Tale of three buyouts

Alliance Boots, the drug store chain and pharmaceutical group bought in Europe’s largest leveraged buyout in 2007, continues to give owners Kohlberg Kravis Roberts cause to smile. The company, which was taken private by KKR and executive chairman Stefano Pessina for £11.1 billion (€12.6 billion; $17 billion) in May 2007, has once again posted a strong set of figures.
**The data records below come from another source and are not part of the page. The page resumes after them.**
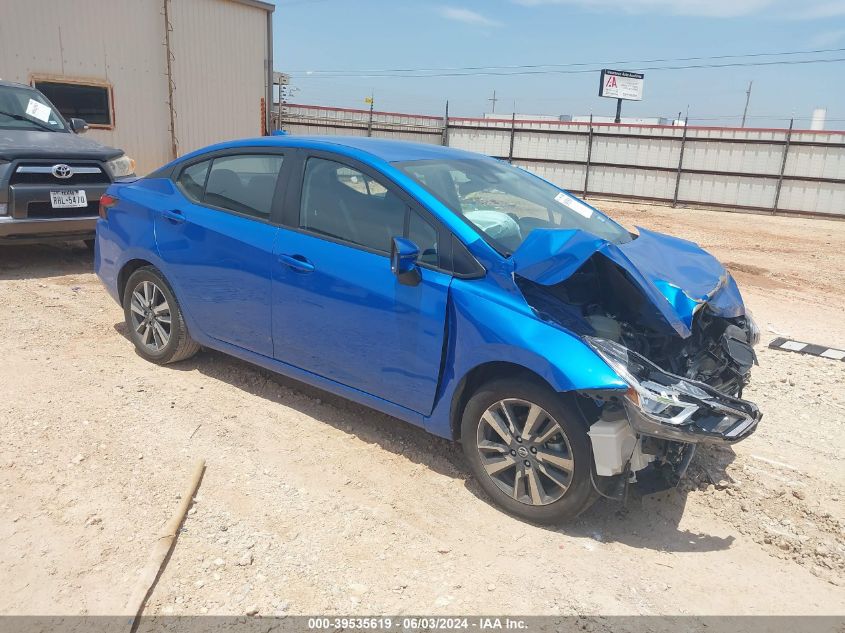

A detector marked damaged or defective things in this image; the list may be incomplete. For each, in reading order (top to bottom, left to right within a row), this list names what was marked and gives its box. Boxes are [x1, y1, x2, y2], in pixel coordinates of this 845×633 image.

crumpled front hood [0, 128, 123, 160]
crumpled front hood [512, 225, 740, 338]
damaged front bumper [588, 336, 760, 444]
broken headlight [588, 336, 760, 444]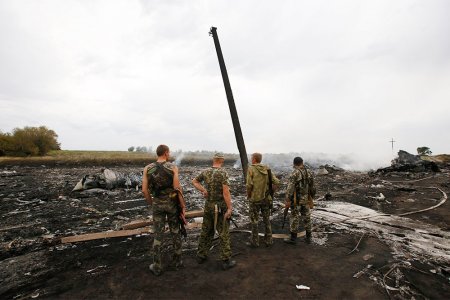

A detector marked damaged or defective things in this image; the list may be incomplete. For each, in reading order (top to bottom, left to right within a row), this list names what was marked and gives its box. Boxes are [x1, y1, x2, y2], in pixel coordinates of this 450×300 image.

burnt metal debris [209, 26, 248, 178]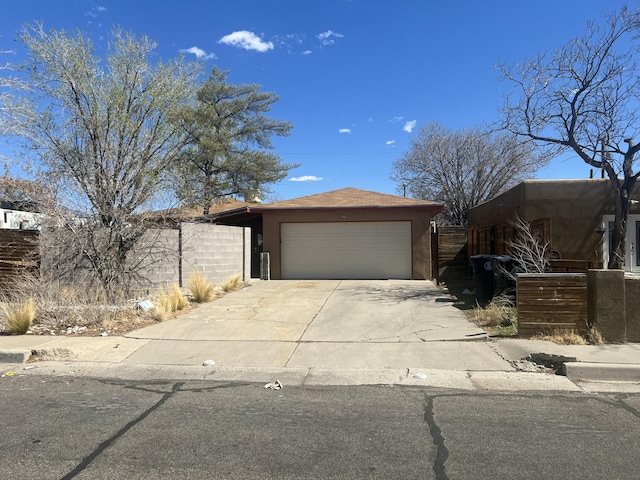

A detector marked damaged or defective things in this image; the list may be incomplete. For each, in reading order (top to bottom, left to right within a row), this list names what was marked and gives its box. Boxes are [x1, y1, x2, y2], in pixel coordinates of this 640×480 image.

crack in asphalt [422, 396, 452, 480]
In its preliminary results for the year ending 31 March, the group grew revenue by 9.6 percent to £22.5 billion and EBITDA by 9.2 percent to £1.36 billion, doubling its underlying after tax profit to £602 million.

“Since taking the company private, this is our third consecutive year of double digit trading profit growth,” said Pessina in the results statement. “Our strong financial position will enable us to continue to grow both organically and through acquisitions.”

Importantly the group has been able to chip away at its debt, which has been reduced by £645 million to £8.4 billion. It has been buying back its debt for as little as 60 pence in the pound.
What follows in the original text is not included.